[Start of section]

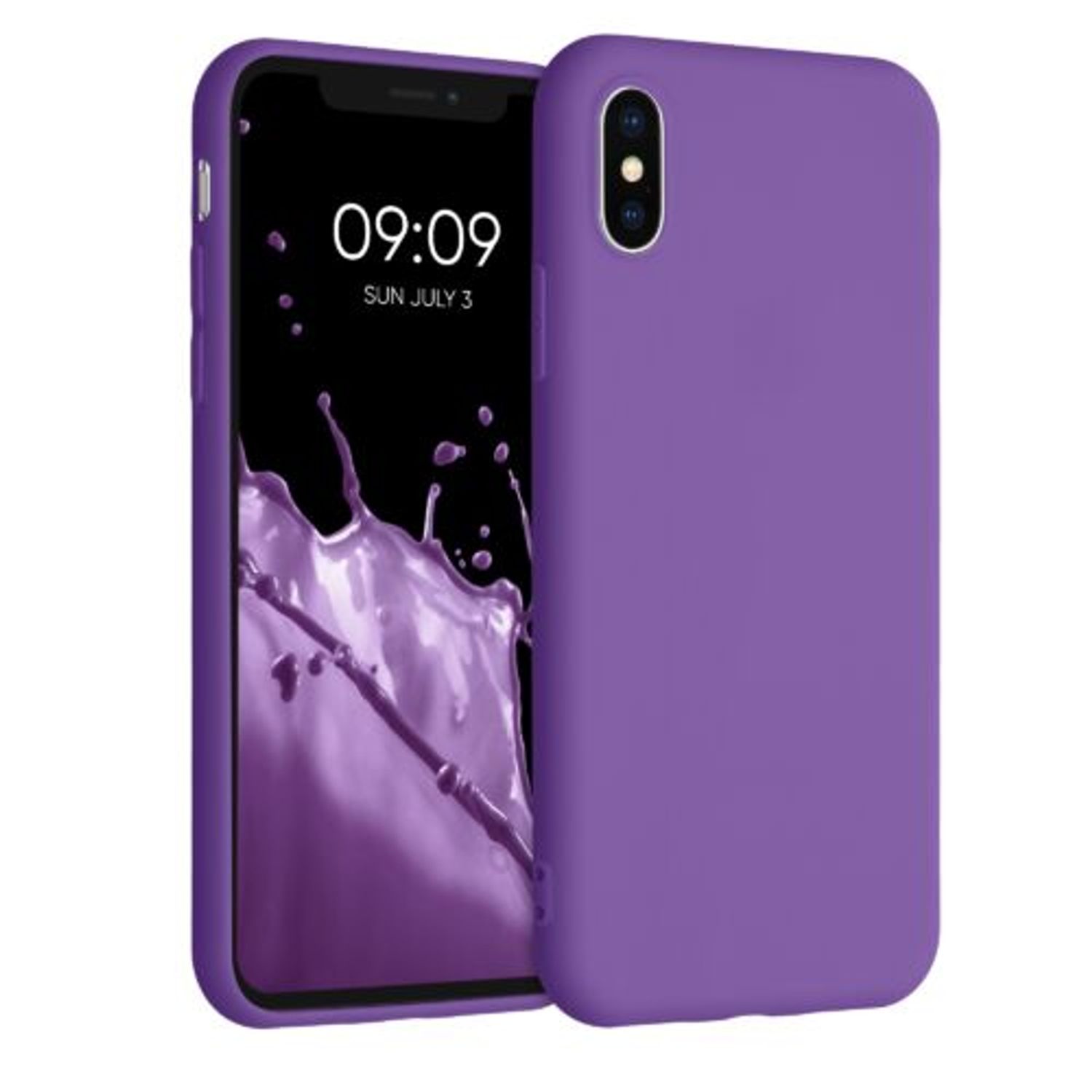 Husa pentru iPhone X/iPhone XS, Silicon, Mov, 42492.221 fotografia produsului
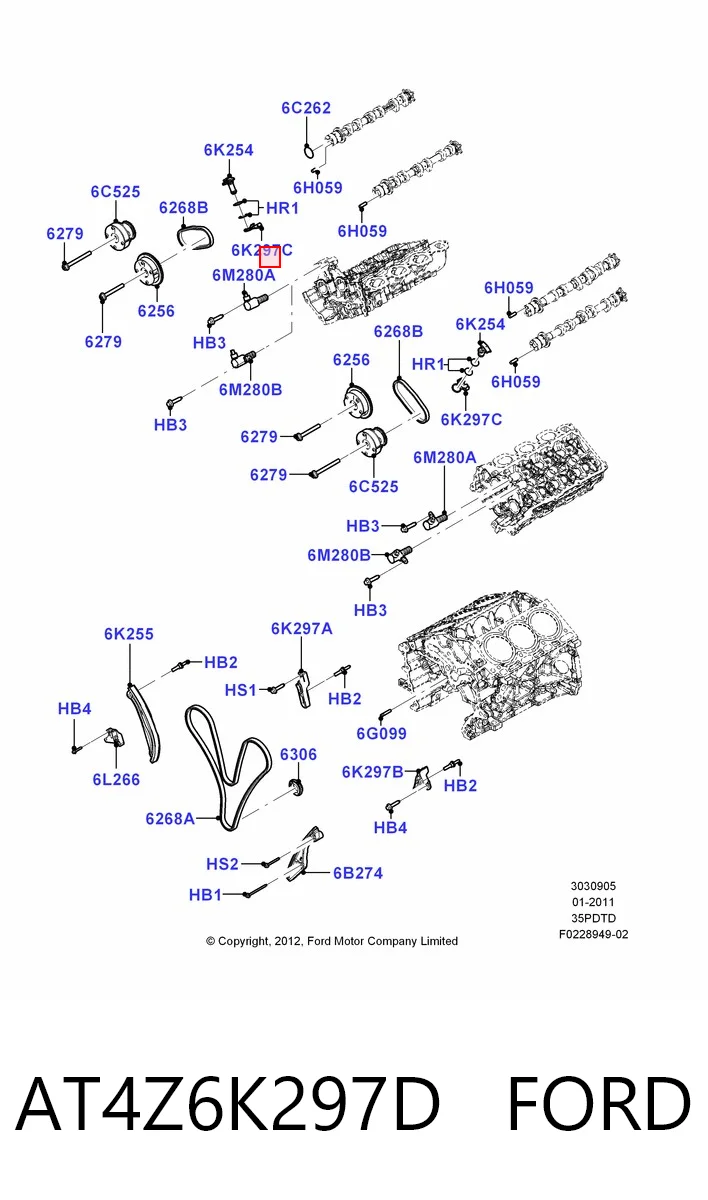 AT4Z6K297D Ford 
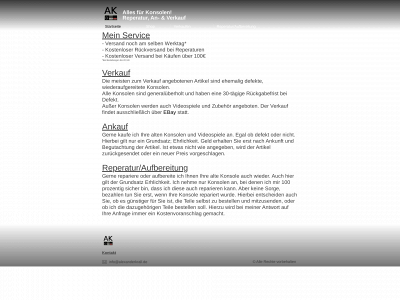 alexanderkrall.de snapshot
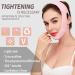 Facial Slimming Strap V Line Face Mask Double Chin Reducer Neck Lift Bandage Pink - Buy Online on GoSupps.com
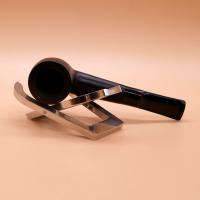 Stonehaven Budget Straight Black Smooth Fishtail Pipe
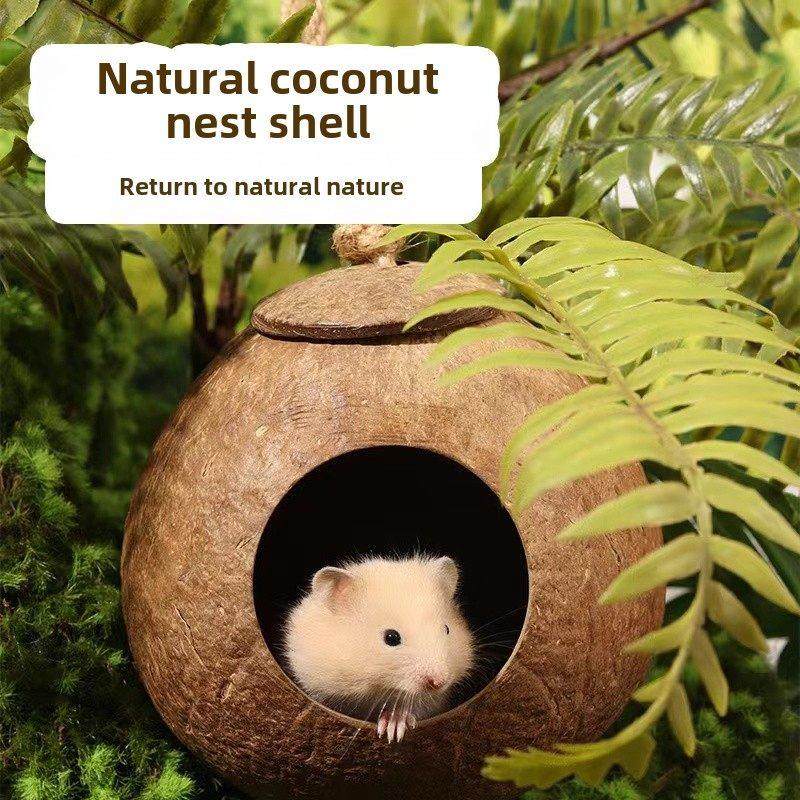 仓鼠蜜袋鼯椰子窝手工椰子壳小动物木质躲避窝金丝熊鹦鹉鸟窝用品,宠物/宠物食品及用品,窝,淘宝优惠券,粉丝福利购,淘宝优惠卷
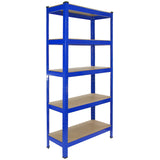 8 x Monster Racking T-Rax Rayonnage Étagère Robuste, Bleu, 75cm L, 30cm P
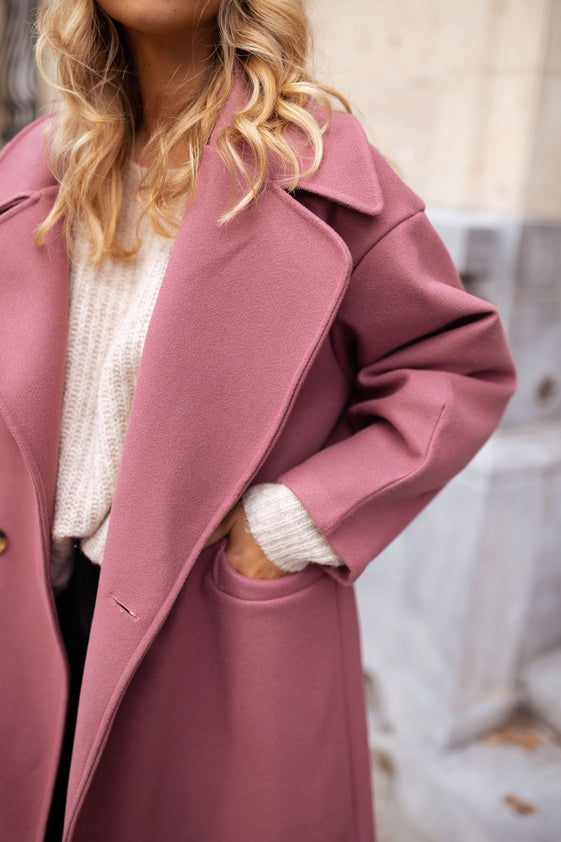 Pink Ortal Coat - Easy Clothes North America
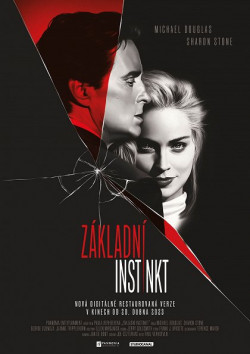 Český plakát filmu Základní instinkt / Basic Instinct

[End of section]

HOW TO COMPLETE THIS TASK:
Where the line containing "alexanderkrall.de snapshot" appears in the entries above, start there and set down every line exactly through the last one, inclusive; omit pictures.

RESULT OF THIS TASK:
 alexanderkrall.de snapshot
 Facial Slimming Strap V Line Face Mask Double Chin Reducer Neck Lift Bandage Pink - Buy Online on GoSupps.com
 Stonehaven Budget Straight Black Smooth Fishtail Pipe
 仓鼠蜜袋鼯椰子窝手工椰子壳小动物木质躲避窝金丝熊鹦鹉鸟窝用品,宠物/宠物食品及用品,窝,淘宝优惠券,粉丝福利购,淘宝优惠卷
 8 x Monster Racking T-Rax Rayonnage Étagère Robuste, Bleu, 75cm L, 30cm P
 Pink Ortal Coat - Easy Clothes North America
 Český plakát filmu Základní instinkt / Basic Instinct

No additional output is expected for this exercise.